Terjadi kemelut di depan gawang yang berujung bola muntah. Pemain Korea Selatan, Lee Kang Hee yang melihat hal tersebut melepaskan tembakan keras dan tak bisa ditepis oleh penjaga gawang Timnas Ernando Ari Sutaryadi. Skor pun sempat berubah jadi 1-0.
Tapi, wasit Shaun Evans tiba-tiba menuju ke sistem VAR. Ia melihat saat tembakan Lee Kang Hee dilakukan, ada seorang pemain Korea Selatan berada di posisi offside. Ia pun anulir gol pertama Korea Selatan, skor tetap menjadi 0-0.
Setelah itu malah Timnas Indonesia tepat nya di menit ke-15, berhasil unggul 1 – 0 berkat gol cantik yang dilesakan Rafael Struick dari luar kotak pinalti
Keputusan Shaum Evans selanjutnya yang menguntungkan Timnas Indonesia yakni saat Lee Young Jun diberi kartu merah, padahal sebelumnya hanya diberikan kartu kuning.
Awalnya, pada menit ke-65, Justin Hubner terlihat berbaring di lapangan. Shaun Evans memberikan kartu kuning pada Lee Young Jun yang dianggap mencederai sang pemain.
Tetapi, lagi-lagi Shaun Evans menuju ke sistem VAR. Terlihat dalam video di sistem, Lee Young Jun melakukan tekel keras pada Justin Hubner. Bahkan sang bomber Korea Selatan juga tertangkap menginjak betis dan engkel sang pemain.

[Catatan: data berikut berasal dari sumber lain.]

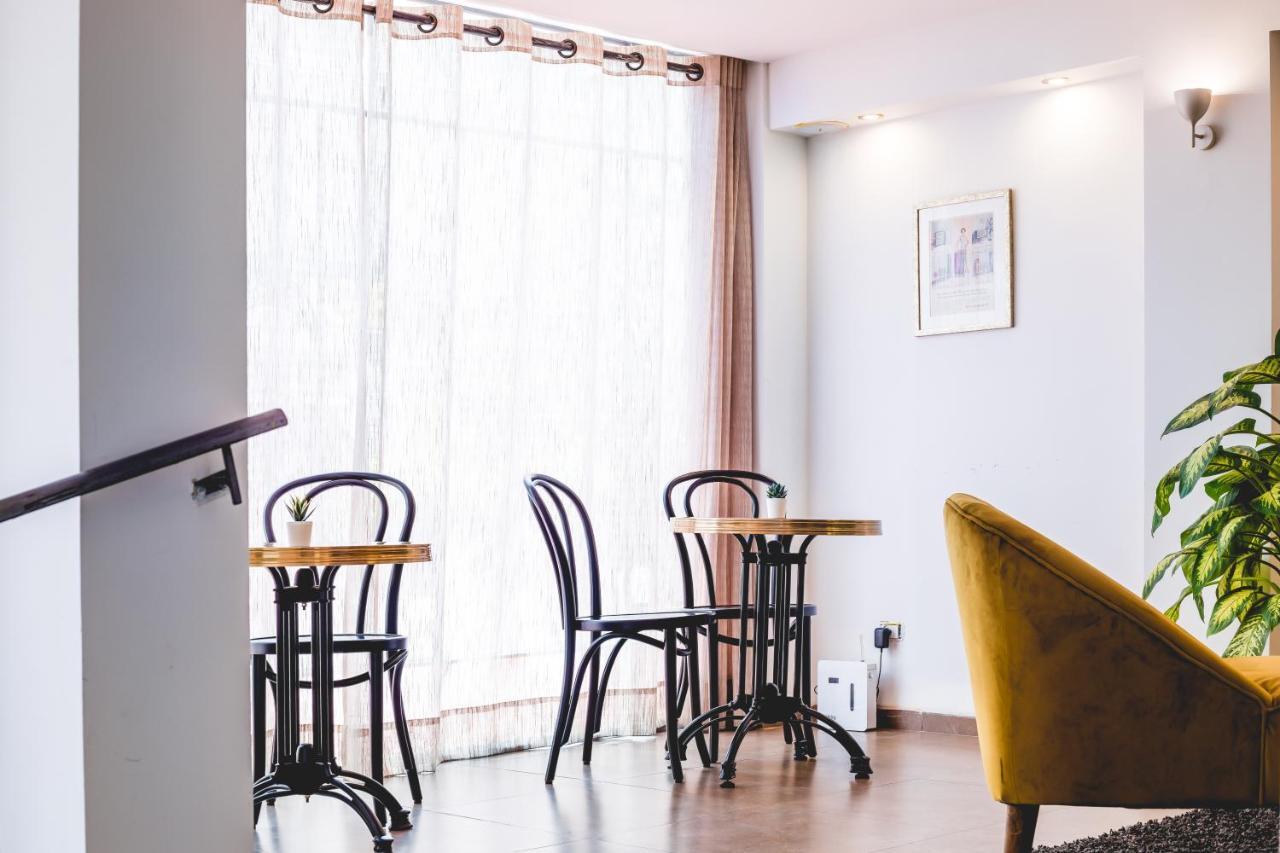 Satori Hotel Haifa Bagian luar foto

Hal ini membuat Shaun Evans menganulir kartu kuning yang ia berikan. Ia malah langsung memberikan kartu merah pada Lee Young Jun yang baru bermain kurang dari setengah jam, Ini membuat Korea Selatan harus bermain dengan 10 pemain!.
Keputusan Shaum Evans yang menguntungkan Timnas Indonesia benar-benar kembali terjadi, Wasit asal Australia ini menggagalkan penyelamatan yang dilakukan Baek Jong Beom.
Baek Jong Beom melakukan penyelamatan dan gagalkan tendangan pinalti dari Justin Hubner yang jadi penendang kelima Indonesia saat adu penalti. Saat itu seharusnya Korea Selatan berpesta karena dianggap telah menangkan pertandingan, namun Shaun Evans kembali ambil tindakan.
Lagi-lagi melalui VAR, sang wasit melihat jika Baek kiper Korsel sudah melakukan pergerakan sebelum Hubner melakukan tendangan. Bahkan, kedua kaki dari si kiper terlihat sudah melebihi garis sebelum Hubner menendang bola.
Shaun Evans memutuskan anulir penyelamatan ini karena apa yang dilakukan Baek dianggap salah. Karena seharusnya, hanya boleh satu kaki melebihi garis ketika akan menahan bola. Dan tak boleh ada pergerakan sebelum bola ditembakan.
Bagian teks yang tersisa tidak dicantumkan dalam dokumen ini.